* What you need to do
Please copy, exactly as they appear below, the lines from the one containing "FC Bayern München" through the one containing "OAKLEY FEEDBACK 4079".

(Short descriptive text snippets)
=-=-=

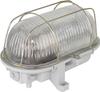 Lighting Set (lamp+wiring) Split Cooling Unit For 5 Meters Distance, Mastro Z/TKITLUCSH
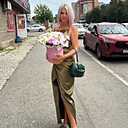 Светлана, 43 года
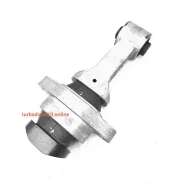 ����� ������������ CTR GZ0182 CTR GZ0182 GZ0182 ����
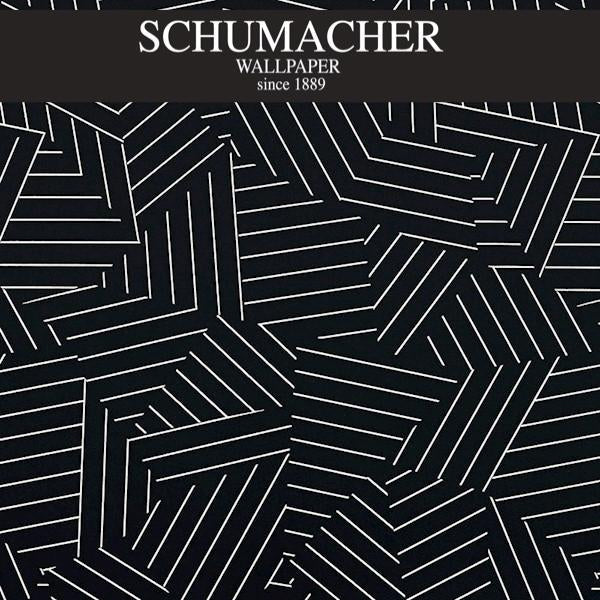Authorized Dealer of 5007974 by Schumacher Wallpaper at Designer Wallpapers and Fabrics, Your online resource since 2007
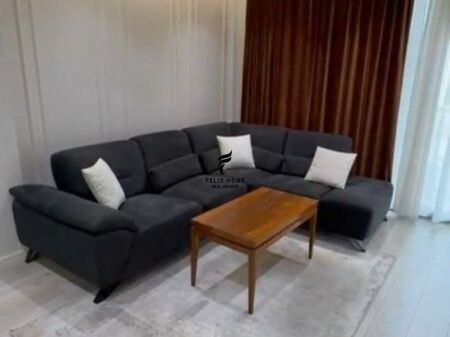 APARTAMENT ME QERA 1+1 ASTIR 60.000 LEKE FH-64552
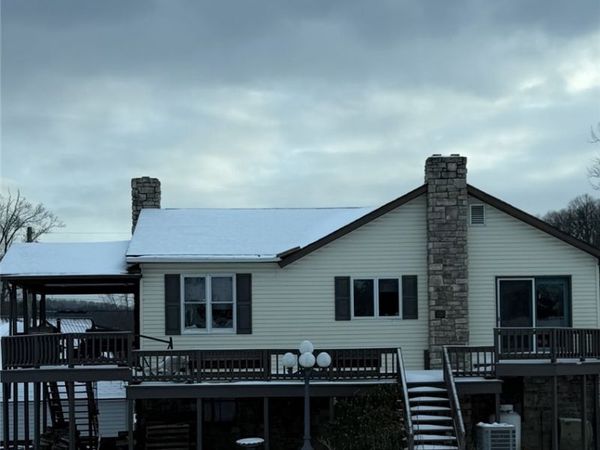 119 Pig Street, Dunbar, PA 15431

=-=-=

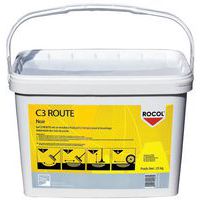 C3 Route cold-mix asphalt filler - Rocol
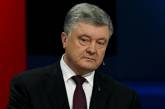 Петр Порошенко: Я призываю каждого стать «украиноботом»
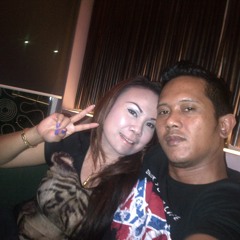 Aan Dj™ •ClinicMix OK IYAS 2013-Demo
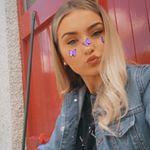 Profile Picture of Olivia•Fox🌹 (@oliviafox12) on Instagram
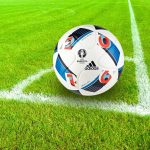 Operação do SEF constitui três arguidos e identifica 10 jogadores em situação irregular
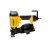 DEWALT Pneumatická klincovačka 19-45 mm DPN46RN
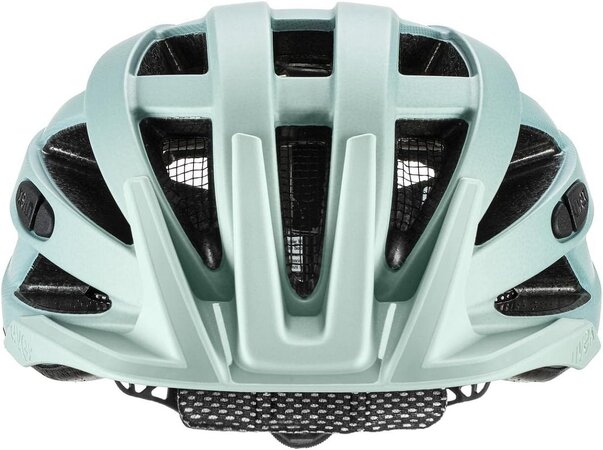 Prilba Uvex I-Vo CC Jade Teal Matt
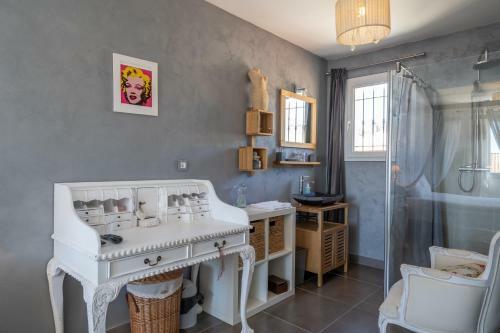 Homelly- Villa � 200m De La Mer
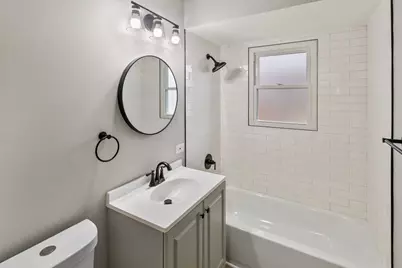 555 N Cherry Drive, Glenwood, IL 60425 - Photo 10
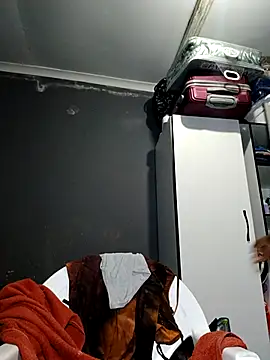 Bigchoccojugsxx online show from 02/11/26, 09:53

=-=-=

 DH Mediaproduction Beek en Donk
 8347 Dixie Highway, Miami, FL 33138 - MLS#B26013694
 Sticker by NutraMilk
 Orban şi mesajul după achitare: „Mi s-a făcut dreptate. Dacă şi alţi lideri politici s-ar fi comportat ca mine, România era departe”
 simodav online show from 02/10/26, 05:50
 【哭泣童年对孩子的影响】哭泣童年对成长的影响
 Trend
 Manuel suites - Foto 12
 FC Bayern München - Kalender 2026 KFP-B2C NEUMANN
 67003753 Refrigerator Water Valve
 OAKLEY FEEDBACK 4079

=-=-=

* Solution for this task
 FC Bayern München - Kalender 2026 KFP-B2C NEUMANN
 67003753 Refrigerator Water Valve
 OAKLEY FEEDBACK 4079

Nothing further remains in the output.